La Venere di Cheronea
Giovanni Fusco
La Venere di Cheronea (1957)
Digitmovies DGST033
21 brani – durata: 72’55”

“Può essere considerato il padre della moderna musica cinematografica europea” (1). Parliamo di Giovanni Fusco (Sant’Agata dei Goti 1906 – Roma 1968), figura di musicista tanto importante quanto poco nota, ed anche poco presente nelle incisioni discografiche pur avendo all’attivo una novantina di score e qualche decina di composizioni autonome. Lo si associa per lo più a Michelangelo Antonioni, regista con cui aveva avviato un sodalizio proficuo e protratto nel tempo, dapprima nei documentari e poi nei film, da Cronaca di un amore nel 1950 (che gli valse il Nastro d’Argento) a Deserto rosso (1964). Ma molti, e spesso autorevoli, furono i registi che si avvalsero del suo contributo. Fra gli italiani, Maselli, Damiani, i Taviani, Patroni Griffi, Lizzani, Pasolini. Degli stranieri, prestigiose le collaborazioni con Alain Resnais (Hiroshima mon amour; 1959; La guerre est finie, 1966), che lo definì “un cineasta creatore”, e Costa Gavras (L’aveau, 1970).
Ultimo di sette fratelli – alcuni musicisti -, entrò presto in contatto col cinema. A nove anni si esibiva come pianista per l’accompagnamento di film muti, durante le pause degli orchestrali, guadagnando dieci lire a sera. E il fratello Tarcisio sovente dirigeva le orchestre che accompagnavano le proiezioni. Cominciò a scrivere dalla seconda metà degli anni Trenta per documentari e pellicole varie, già nei titoli esemplificative di un immaginario cinematografico defunto (Il dottor Antonio, 1937; Il peccato di Rogelia Sanchez, 1939; Le modelle di via Margutta, 1945; Ti troverò, 1948…), “un lungo lavoro oscuro di piccolo artigianato” (2) – di quell’«artigianato superiore» di cui parlava Alfredo Casella -; sino appunto all’incontro con il regista ferrarese, che gli apre le porte del cinema «importante», attento alla componente musicale e stimolatore di soluzioni non ovvie. Né mancano gli incarichi più di routine, le partiture firmate per film d’avventura, mitologici, con sporadiche incursioni nel sotto007 (o “007 all’italiana”), nel thriller, nel western, con esiti sempre d’interesse, espressione di duttilità (dote indispensabile al compositore del cinema) e disponibilità al nuovo. Fu anche autore di opere teatrali, commedie musicali, musica sacra e sinfonica e da camera, di un poema sinfonico ispirato alla Gerusalemme liberata, e altro: insomma, ha anche lui nell’armadio non pochi scheletri di absolute Musik.

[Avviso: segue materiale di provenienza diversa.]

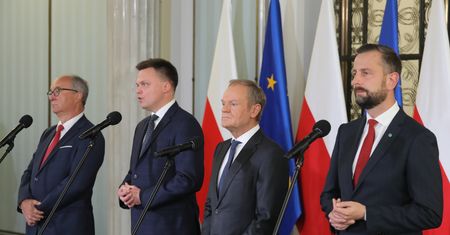 Umowa koalicyjna. "Piłka po stronie liderów"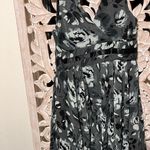 Studio I - Black and White Floral Dress -Sz 14 Photo 1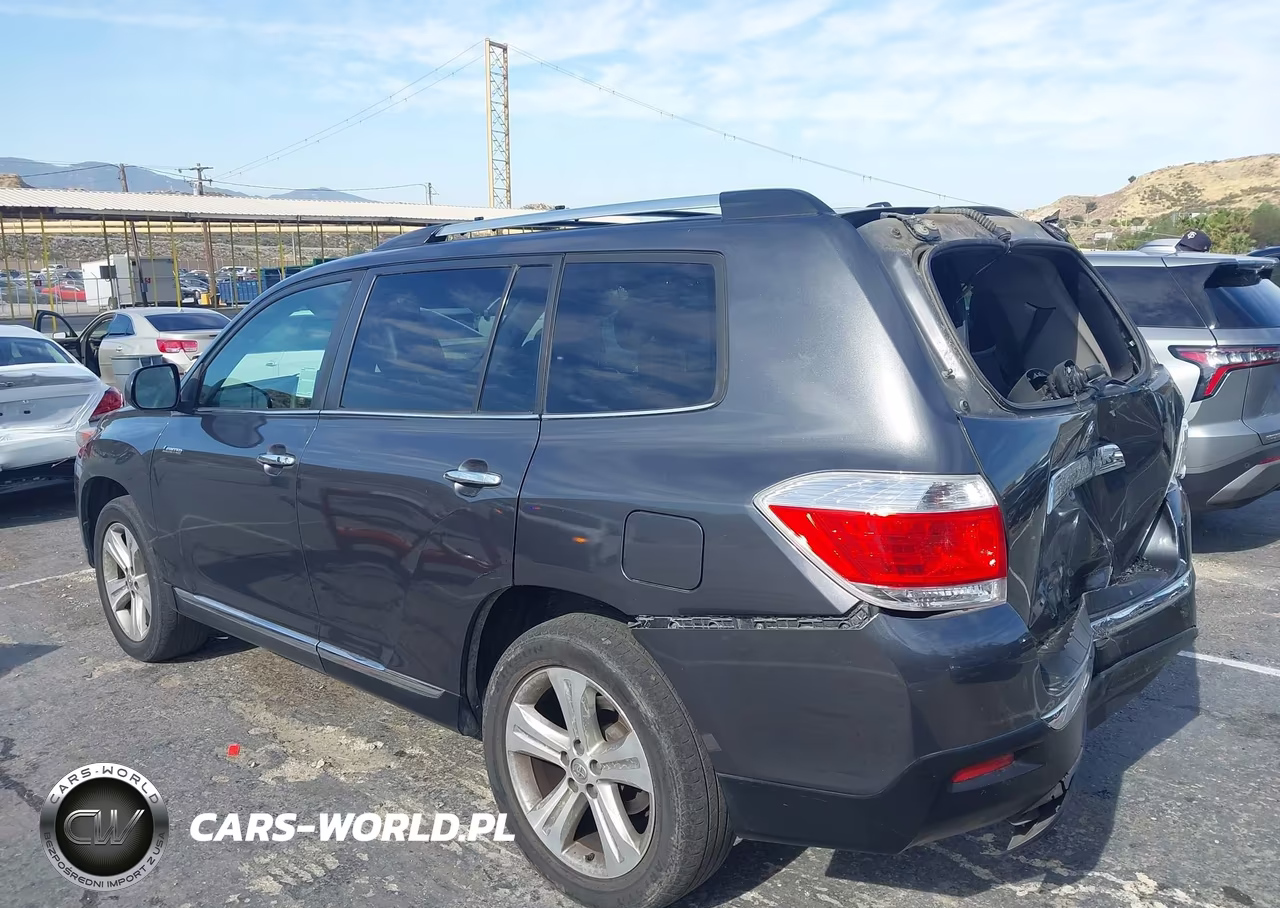 2011 Toyota Highlander Limited V6 VIN:5TDYK3EH5BS043729 - 3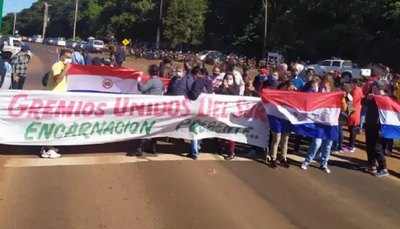 Manifestantes cerraron ruta en Encarnación - Noticiero Paraguay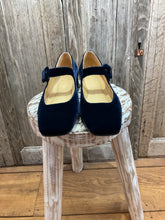 Preloved Penelope Chilvers Velvet Shoe
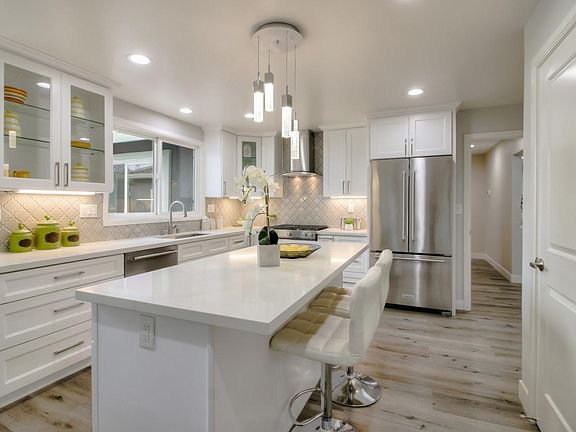 4th image of 6130 Oak Forest Way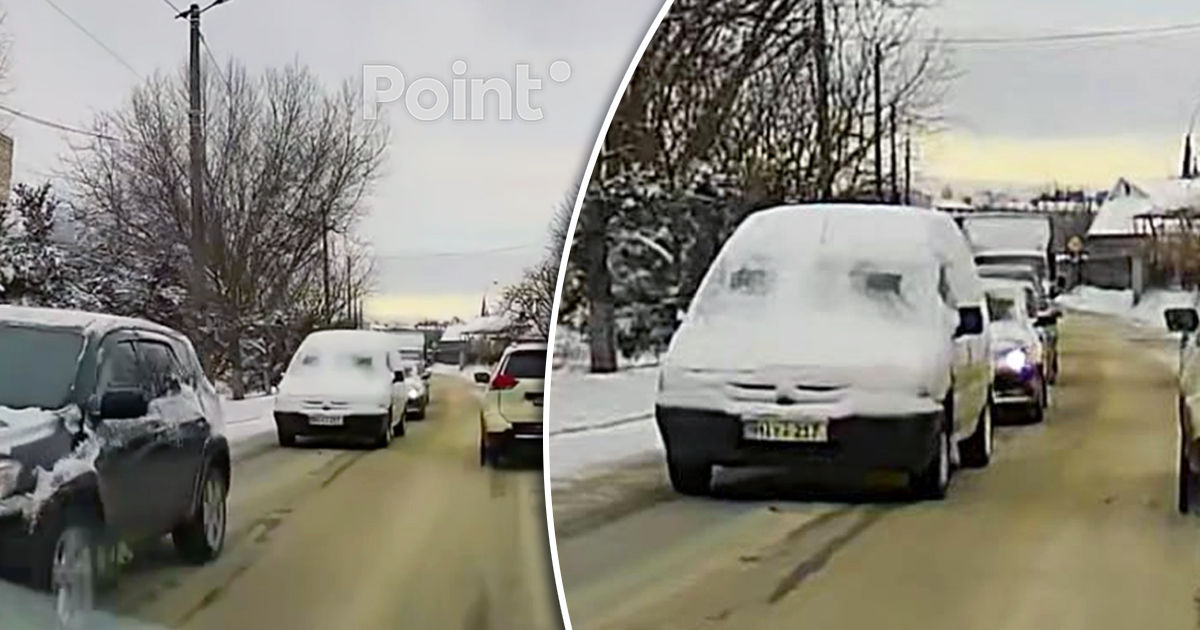O mașină cu parbrizul acoperit în totalitate de zăpadă, surprinsă în trafic în Capitală.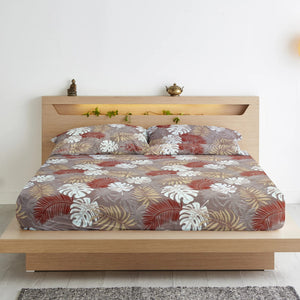 Fitted bedsheet with matching pillow covers 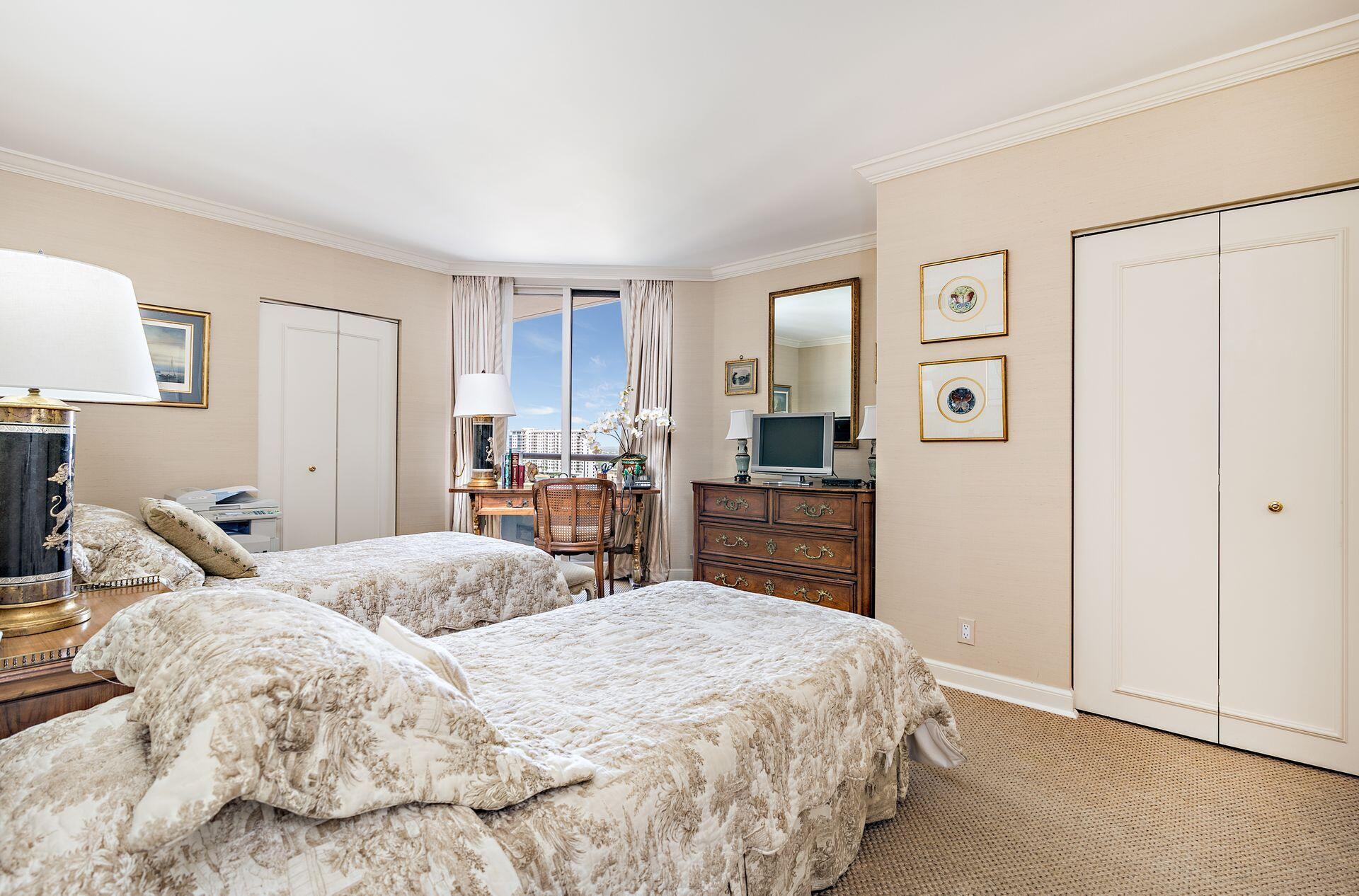 TRUMP PLAZA OF THE PALM BEACHES CONDO - Residential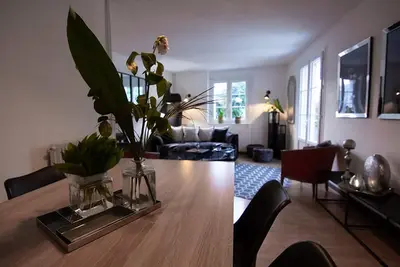 Image de 1mn du centre historique Ă pied appartement, terrasse et jardin privatif
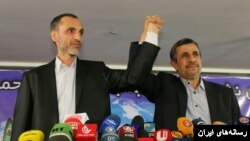 محمود احمدی نژاد و معاون سابق اش، هر دو برای انتخابات اردیبهشت ماه نامزد شدند اما شورای نگهبان صلاحیت آنها را رد کرد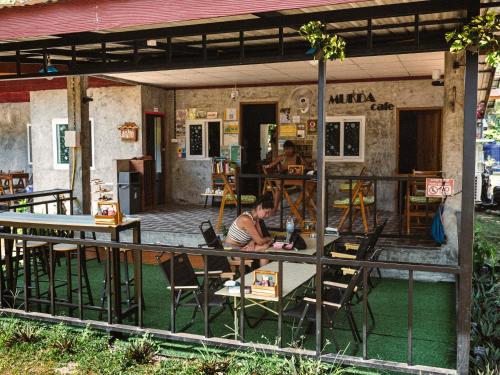 Mukda hostel in Phang Nga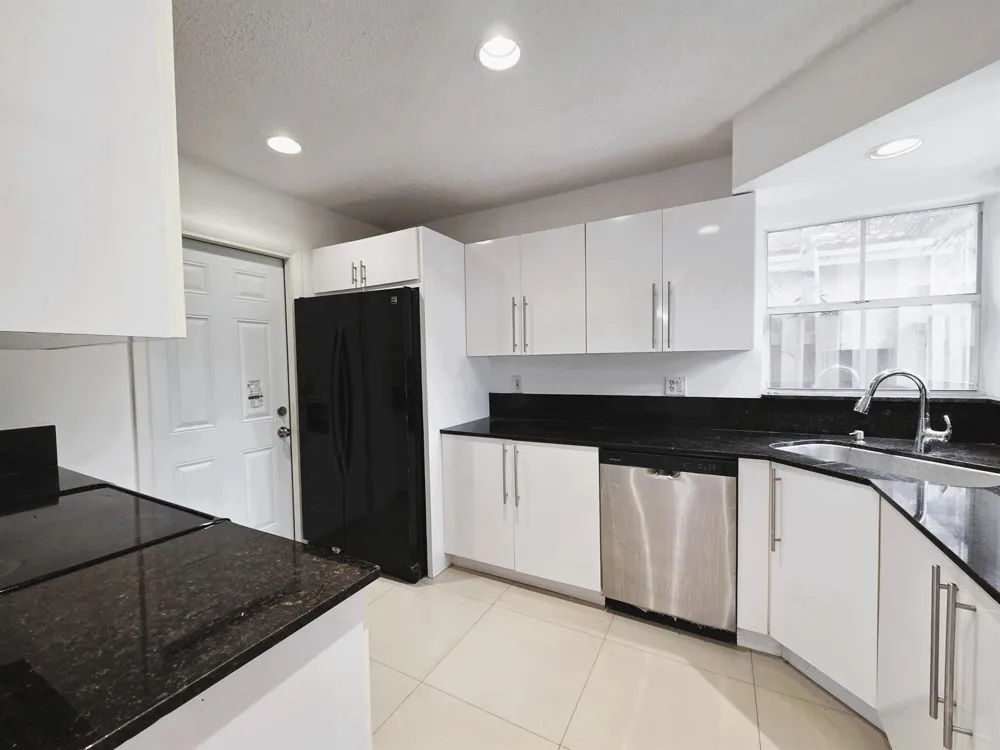 533 NW 47th Avenue Coconut Creek, FL 33063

E basta guardare al suo curriculum per capire che era in grado di affrontare qualsiasi fatica musicale, dalle forme più impegnative a quelle di consumo; riscattate queste ultime dalla banalità odiosa che per lo più le caratterizza, forgiate con serietà ed eleganza, senza complessi o pregiudizi: si ascolti, a riprova, la splendida canzone “Gli angeli non sono come noi” scritta per Il sesso degli angeli nel 1968: bastano una voce femminile e un pianoforte a conferire colore e calore, senza indulgere al fracasso di rito. Studi con Fernando Germani (organo), Riccardo Storti e Alfredo Casella (composizione), Bernardino Molinari (direzione d’orchestra); diploma in composizione nel 1931 presso il Conservatorio di Pesaro, in direzione d’orchestra al Conservatorio di Santa Cecilia di Roma nel 1942.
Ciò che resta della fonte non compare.